JAKARTA – Sesuai dengan amanat Presiden Joko Widodo, yakni investasi merupakan kunci dari pertumbuhan ekonomi bangsa, Kementerian Agraria dan Tata Ruang/Badan Pertanahan Nasional (ATR/BPN) terus berupaya melakukan penyederhanaan regulasi. Harapannya, dengan mempermudah proses birokrasi bisa semakin tinggi pula minat investasi di Indonesia.
Sekretaris Jenderal (Sekjen) Kementerian ATR/BPN, Suyus Windayana mengatakan, salah satu langkah yang dilakukan saat ini ialah mempermudah warga asing untuk memiliki properti di Indonesia.
“Pemerintah yakin dengan kehadiran warga negara asing yang melakukan aktivitas di Indonesia bisa meningkatkan daya saing Indonesia,” ujarnya dalam acara Sosialisasi Regulasi Kepemilikan Hunian untuk Orang Asing di Jakarta, Kamis (3/8/2023).
Dia menjelaskan, dengan mudahnya para investor dari luar negeri untuk memiliki properti di Indonesia maka akan tercipta multiplier effect seperti terbukanya lowongan pekerjaan, menekan angka kemiskinan, hingga terciptanya kemakmuran. Oleh karena itu, pemerintah berupaya untuk mendukung hal tersebut.
Kondisi ini juga didukung oleh tingginya minat investor untuk menanamkan modalnya di negara-negara Asia Tenggara beberapa tahun belakangan.
“Indonesia memiliki potensi besar untuk menarik pangsa pasar asing karena Indonesia memiliki pasar yang sangat besar dan panorama alam yang sangat indah, terutama di tiga destinasi, yakni Jakarta, Batam, dan Bali,” tutur Suyus Windayana.
Sejauh ini beberapa aturan telah dikeluarkan demi mempermudah proses kepemilikan aset bagi warga asing. Salah satunya ialah saat ini warga asing yang memenuhi syarat bisa memiliki hak berjangka seperti Hak Pakai dan Hak Guna Bangunan (HGB).
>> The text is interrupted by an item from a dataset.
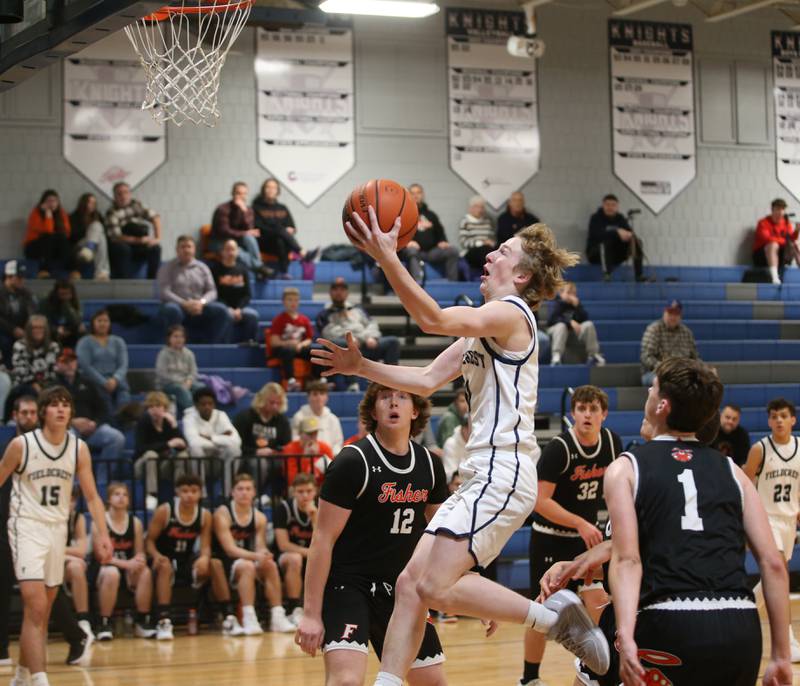Fieldcrest's Jordan Heider drives to the hoop against Fisher on Tuesday, Jan. 2, 2024 at Fieldcrest High School.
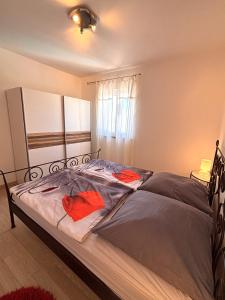 a bedroom with a bed with red pillows on it at Apartments Quarnero Rabac in Rabac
Namun, Sekjen Kementerian ATR/BPN menyampaikan, masih ada beberapa kendala yang menghambat warga asing untuk memiliki properti di Indonesia.
“Hambatannya pertama, saat ini orang asing yang mau beli rumah harus punya Kartu Izin Tinggal Terbatas (KITAS) dan Kartu Izin Tinggal Tetap (KITAP), kemudian harus di atas Hak Pakai untuk yang satuan rumah susun, ini yang akan kita hilangkan. Lalu, ada di beberapa daerah yang di aplikasinya harus punya Nomor Induk Kependudukan (NIK), sementara orang asing kan tidak punya, hal-hal ini harus kita sesuaikan,” pungkas Suyus Windayana.